Whatever country you live in there are generally four models for live entertainment video distribution — broadcast, cable, satellite, and Internet…
…The important lesson to learn when it comes to these competitive services is that the first three — broadcast, cable, and satellite — are all going up in cost to their providers while the cost of providing Internet service is going down. In the USA, broadcast viewership is dropping, which means the cost per viewer is rising. Same for cable where viewers are stagnant, viewership is declining (number of hours of viewing) and the cost of content is rising. Satellite has been growing marginally but that could end at any moment and it shares the same content cost increases as cable. Meanwhile Internet service just gets faster and cheaper thanks to a Moore’s Law double whammy.
Remember Moore’s Law works in two ways. It makes digital products ever cheaper AND ever more powerful. This has profound meaning for Internet TV because it continually increases the bandwidth we can get for the same dollar while giving our devices the capability to do even more with the same bandwidth…
This is the trend, then: our available bandwidth will go up while our devices will become more powerful, making better use of the bandwidth. The result, as always with Moore’s Law, is either better services or lower total cost or maybe a little of both.
What this means for the future of television is that we’re approaching a point where Internet service will equal and then be lower than the marginal per-viewer cost of the broadcast TV model. This crossover will inevitably happen with the only question being when. That’s a function of bandwidth costs decreasing at 50 percent per year and processing power increasing at 50 percent per year. My calculations suggest the crossover will happen around 2015, which used to seem like a long time away but no longer does.
When Internet TV becomes dramatically, unequivocally, and inexorably cheaper than the other three distribution models, those other models will quickly go away.
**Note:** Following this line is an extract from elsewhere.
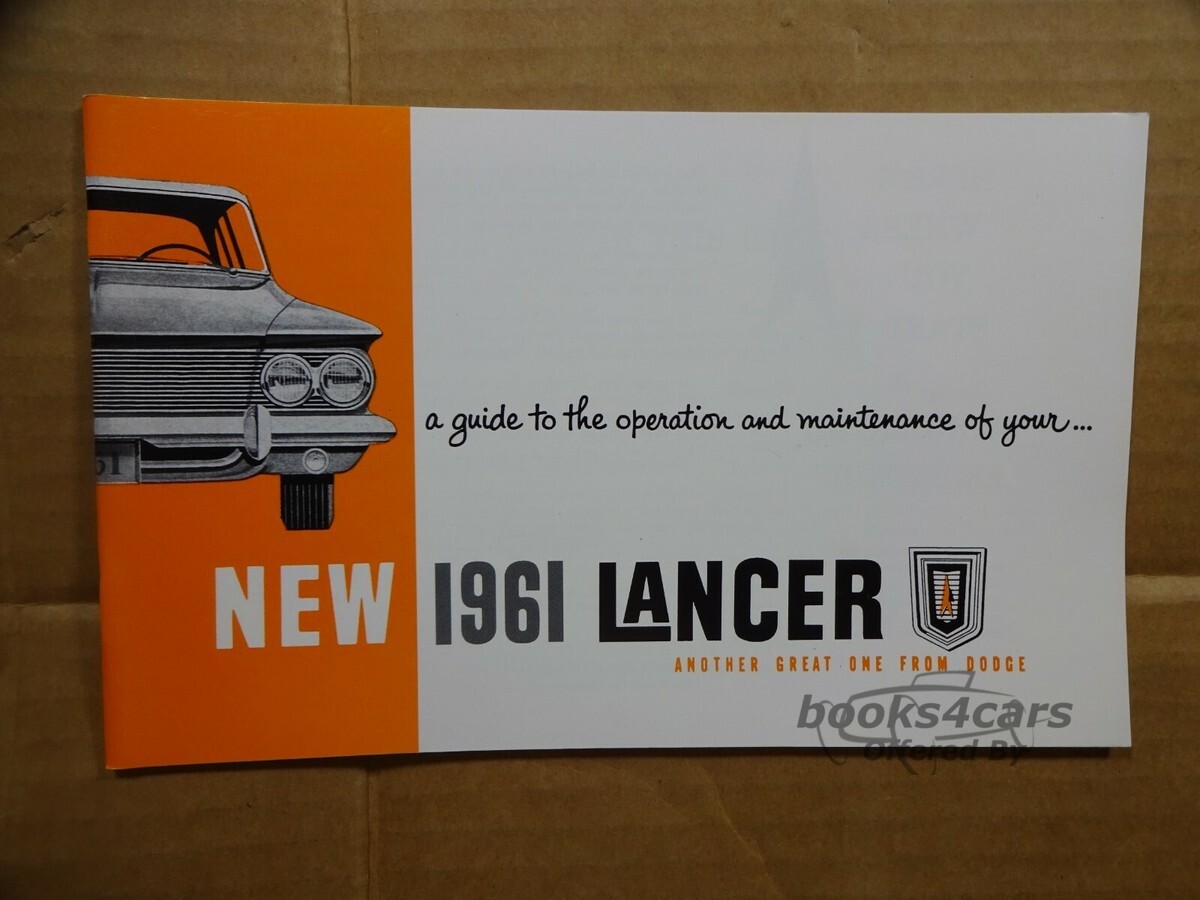 view cover of 1961 Lancer Owners Manual by Dodge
That’s why I argued in PBS meetings to forget about spending $1.8 billion to upgrade local stations for digital TV and instead sell or lease that spectrum for commercial data use and throw the resulting $3 billion (lease revenue plus the $1.8 billion savings) into rebuilding the network solely as an Internet service.
So there is a cliff rapidly approaching for television. Five years from now local TV stations will have the same complaints that local newspapers have today as many of them go out of business. Cable TV operators will become ISPs, period. Phone companies will be ISPs, too, and analog voice service will be gone completely. The regulatory implications of these changes should be interesting.”